Australia must double its renewable energy generation in the next decade to meet electricity demand as coal power plants close ahead of schedule, a leading expert said.
Victorian Energy Policy Centre senior director Bruce Mountain said energy giant AGL’s decision to bring forward the closure of the Loy Yang A coal power plant in Victoria is a big change for the nation.
Australia’s renewable energy industry will need to move fast to fill the gap, with Loy Yang now slated to close by 2035 – a decade earlier than planned, Dr Mountain said.
“It’s a big industrial, organisational challenge,” he told TND.
AGL announced the accelerated closure on Thursday after climate advocates pressured the company to shift from fossil fuels more quickly.
Loy Yang A, along with Alinta-owned Loy Yang B, produces enough power to supply more than two million average Australian homes every year, and generates about 30 per cent of Victoria’s annual power requirements.
AGL incoming interim CEO Damien Nicks said the earlier closure will support Australia’s commitment to the Paris Agreement by avoiding the emission of up to 200 million tonnes of greenhouse gases.
More renewable infrastructure needed
The renewable energy sector will need to rapidly expand as the nation moves beyond fossil fuels.
Last year, 29 per cent of Australia’s total electricity generation came from renewable energy sources, including solar, wind and hydro.
This was the highest share of renewables on record, but fossil fuels still account for the majority of annual electricity supply.

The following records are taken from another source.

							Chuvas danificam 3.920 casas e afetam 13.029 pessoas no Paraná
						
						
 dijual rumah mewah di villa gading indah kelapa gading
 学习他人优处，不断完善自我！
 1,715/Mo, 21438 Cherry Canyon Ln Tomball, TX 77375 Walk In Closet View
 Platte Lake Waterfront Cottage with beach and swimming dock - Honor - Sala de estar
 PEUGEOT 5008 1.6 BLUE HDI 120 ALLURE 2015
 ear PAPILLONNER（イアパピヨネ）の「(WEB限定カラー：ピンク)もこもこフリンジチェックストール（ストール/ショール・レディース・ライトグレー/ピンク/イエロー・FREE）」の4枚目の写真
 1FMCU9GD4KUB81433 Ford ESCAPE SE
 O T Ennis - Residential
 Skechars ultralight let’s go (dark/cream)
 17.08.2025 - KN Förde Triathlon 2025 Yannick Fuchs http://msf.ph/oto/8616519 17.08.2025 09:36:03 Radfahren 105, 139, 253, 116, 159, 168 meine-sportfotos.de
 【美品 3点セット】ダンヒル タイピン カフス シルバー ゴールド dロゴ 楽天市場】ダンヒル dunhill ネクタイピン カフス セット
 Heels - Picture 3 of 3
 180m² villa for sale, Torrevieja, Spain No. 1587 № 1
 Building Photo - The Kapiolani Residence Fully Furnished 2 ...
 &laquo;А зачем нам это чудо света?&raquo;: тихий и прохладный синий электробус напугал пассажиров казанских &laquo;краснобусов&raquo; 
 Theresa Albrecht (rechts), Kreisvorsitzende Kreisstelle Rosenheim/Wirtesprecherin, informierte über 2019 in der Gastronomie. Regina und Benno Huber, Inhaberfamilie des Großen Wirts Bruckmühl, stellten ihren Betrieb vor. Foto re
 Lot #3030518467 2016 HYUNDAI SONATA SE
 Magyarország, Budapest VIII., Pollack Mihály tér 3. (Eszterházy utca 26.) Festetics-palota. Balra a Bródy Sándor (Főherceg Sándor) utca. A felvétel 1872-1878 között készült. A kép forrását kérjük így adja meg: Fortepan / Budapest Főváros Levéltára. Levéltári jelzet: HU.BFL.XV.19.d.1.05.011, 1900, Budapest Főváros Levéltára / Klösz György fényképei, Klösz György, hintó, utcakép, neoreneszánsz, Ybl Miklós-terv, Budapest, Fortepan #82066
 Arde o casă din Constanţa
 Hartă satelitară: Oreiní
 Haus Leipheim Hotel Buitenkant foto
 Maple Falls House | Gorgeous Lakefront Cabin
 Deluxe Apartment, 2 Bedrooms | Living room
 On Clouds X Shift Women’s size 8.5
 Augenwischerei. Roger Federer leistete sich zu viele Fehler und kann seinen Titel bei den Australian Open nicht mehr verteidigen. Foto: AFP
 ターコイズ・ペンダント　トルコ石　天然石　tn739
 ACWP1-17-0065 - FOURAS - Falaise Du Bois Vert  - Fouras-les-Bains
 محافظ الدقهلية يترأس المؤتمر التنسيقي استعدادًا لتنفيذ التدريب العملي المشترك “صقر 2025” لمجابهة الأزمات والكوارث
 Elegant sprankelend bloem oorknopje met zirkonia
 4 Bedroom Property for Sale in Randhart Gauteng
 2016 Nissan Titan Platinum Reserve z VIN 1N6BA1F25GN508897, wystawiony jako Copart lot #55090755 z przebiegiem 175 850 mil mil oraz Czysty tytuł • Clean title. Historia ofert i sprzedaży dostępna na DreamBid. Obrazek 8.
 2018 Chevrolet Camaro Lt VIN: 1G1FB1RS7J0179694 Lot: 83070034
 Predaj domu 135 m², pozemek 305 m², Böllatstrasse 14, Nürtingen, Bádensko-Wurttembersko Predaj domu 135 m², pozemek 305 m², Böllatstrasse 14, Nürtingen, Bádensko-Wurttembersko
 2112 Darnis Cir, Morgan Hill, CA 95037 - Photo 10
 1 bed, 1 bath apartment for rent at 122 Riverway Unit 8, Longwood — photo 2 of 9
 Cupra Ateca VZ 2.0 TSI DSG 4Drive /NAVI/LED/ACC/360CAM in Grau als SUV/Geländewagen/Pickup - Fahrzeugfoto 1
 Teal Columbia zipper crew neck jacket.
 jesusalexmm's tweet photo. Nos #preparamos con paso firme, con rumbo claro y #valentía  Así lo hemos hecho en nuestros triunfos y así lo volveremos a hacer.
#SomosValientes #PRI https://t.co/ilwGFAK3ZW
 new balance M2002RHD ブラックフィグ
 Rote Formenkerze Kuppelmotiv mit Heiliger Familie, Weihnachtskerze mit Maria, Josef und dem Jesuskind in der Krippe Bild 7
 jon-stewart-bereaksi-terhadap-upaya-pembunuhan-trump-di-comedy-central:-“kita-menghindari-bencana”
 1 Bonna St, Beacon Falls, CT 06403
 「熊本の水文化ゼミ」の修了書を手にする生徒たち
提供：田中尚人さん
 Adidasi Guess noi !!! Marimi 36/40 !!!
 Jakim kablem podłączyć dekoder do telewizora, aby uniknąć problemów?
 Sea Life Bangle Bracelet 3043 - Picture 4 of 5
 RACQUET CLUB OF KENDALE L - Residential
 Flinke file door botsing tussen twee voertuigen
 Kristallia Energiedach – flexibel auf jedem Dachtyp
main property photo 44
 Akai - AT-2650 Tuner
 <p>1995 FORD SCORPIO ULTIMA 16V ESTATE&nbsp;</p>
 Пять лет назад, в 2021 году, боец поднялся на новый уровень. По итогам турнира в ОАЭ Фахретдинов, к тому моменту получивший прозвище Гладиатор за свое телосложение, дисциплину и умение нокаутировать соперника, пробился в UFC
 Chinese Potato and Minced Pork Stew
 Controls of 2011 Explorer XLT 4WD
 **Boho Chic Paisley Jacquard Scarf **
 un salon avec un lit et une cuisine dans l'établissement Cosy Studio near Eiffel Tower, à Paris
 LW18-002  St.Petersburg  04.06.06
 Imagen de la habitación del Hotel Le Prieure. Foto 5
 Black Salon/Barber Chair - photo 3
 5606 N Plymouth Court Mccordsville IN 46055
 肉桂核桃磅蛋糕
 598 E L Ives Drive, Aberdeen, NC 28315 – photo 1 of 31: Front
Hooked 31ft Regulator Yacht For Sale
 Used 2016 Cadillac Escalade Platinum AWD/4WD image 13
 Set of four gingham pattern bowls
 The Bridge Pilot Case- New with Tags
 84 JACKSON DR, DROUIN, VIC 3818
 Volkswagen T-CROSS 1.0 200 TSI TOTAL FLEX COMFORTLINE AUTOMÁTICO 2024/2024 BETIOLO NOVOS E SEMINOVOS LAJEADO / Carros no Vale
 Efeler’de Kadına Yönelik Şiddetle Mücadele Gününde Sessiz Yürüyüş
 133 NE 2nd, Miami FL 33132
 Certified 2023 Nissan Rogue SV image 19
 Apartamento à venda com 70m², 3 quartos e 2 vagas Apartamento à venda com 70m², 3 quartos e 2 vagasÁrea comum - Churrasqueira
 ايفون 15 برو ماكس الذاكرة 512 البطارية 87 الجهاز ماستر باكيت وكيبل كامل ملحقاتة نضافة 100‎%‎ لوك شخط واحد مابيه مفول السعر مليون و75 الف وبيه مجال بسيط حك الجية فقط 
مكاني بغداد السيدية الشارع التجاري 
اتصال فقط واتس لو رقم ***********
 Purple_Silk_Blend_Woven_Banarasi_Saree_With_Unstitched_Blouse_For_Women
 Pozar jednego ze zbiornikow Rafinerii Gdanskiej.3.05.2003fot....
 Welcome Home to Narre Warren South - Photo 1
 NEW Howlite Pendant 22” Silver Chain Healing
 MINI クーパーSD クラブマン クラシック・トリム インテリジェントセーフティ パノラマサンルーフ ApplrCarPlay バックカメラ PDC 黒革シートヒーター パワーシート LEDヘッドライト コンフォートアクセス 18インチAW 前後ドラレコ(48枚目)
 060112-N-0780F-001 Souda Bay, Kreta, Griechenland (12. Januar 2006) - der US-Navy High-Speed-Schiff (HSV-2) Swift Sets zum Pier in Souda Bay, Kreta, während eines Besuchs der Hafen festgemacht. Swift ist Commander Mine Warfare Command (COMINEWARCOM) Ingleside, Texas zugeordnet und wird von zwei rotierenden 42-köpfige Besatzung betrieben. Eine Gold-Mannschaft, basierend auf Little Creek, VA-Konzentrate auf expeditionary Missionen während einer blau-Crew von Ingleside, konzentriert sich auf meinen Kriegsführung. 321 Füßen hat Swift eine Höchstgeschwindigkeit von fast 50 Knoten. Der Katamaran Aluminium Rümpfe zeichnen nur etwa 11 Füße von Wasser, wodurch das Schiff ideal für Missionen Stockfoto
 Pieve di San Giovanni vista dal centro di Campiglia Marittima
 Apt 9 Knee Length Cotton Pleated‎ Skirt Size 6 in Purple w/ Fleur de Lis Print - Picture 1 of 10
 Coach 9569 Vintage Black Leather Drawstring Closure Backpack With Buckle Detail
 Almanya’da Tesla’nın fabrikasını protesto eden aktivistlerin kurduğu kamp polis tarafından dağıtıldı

In AGL’s submission to the ASX, Mr Nicks said the company’s future energy portfolio will be demand driven, with most new supply expected to come from wind and storage, such as batteries.
Ariel Liebman, director of Monash Energy Institute, said whether or not customers will see energy prices soar when coal-fuelled power stations like Loy Yang A close depends on whether Australia has enough alternative energy supplies to meet demand.
The fact AGL has given such advance notice of its plans is a big plus.
After La Trobe Valley-based Hazelwood power station closed in 2017, mere months after French majority co-owner Engie announced it was no longer economically viable, wholesale electricity prices hiked in Victoria, South Australia, New South Wales and Queensland between 32 per cent and 85 per cent.
With AGL’s accelerated power plant closure still 13 years away, Dr Liebman said there was time to get renewable projects in place.
“There’s almost zero risk of [higher prices for customers], because it’s so far away,” he said.
“We can build a lot of wind and solar in 13 years.”
Dr Liebman said the Australian Energy Market Operator’s (AEMO) integrated system plan, a 30-year roadmap of investments for the National Electricity Market, has taken into account the possibility of accelerated closures of power stations such as Loy Yang A.
AEMO found in order to replace coal power, and provide electricity consumers with the lowest-cost supply, renewable share of total annual power generation will need to rise from about 28 per cent in 2020-21 to 83 per cent in 2030-31, and 96 per cent by 2040.
Poor energy efficiency
The announcement of Loy Yang A’s earlier closure comes just weeks after the Senate passed Labor’s Climate Change Bills, leaving Australia’s emissions reduction target at 43 per cent, and enshrining net-zero emissions by 2050 goal in legislation.
But Dr Liebman said a clear, national energy policy is still missing.
“We need energy efficiency policies to reduce the inefficient use of energy, which is pretty rampant in Australia, especially heating and cooling of houses,” he said.
Poor energy efficiency is particularly a problem in Australian rental homes, many of which tenancy advocacy organisation Better Renting has found reach above the recommended safe temperature of 25 degrees for more than nine hours a day on average during summer, and below 18 degrees for most of the day and night during winter.
Dr Liebman said the government needs to address energy-efficiency issues in housing to reduce energy demand, in addition to encouraging uptake of home battery storage.
Although states and territories have jurisdiction over social services and infrastructure, the federal government needs to take the lead by creating environmental policies and investing in eco-conscious initiatives and infrastructure.
AGL forced to reinvent
Dr Mountain said AGL’s exit from coal likely means the company will follow Origin Energy’s lead into ‘distributed supply’ – meaning solar and storage on customers’ premises.
“Now that [AGL] can see the end of those coal generators and they know that they have to develop the alternatives, are they going to be able to do that?” Dr Mountain said.
“It’s a very different skillset to the ones that they’ve had so far. They’ve got a heap of catching up to do.
“As an organisation, I imagine they’re quite demoralised, having been at one time such a fabulously powerful corporation that became complacent.”
He said their existing 4.2 million customer base puts AGL in a strong position for their reinvention, but they will face competition.
“We are moving from a big, centrally controlled to a decentralised industry.”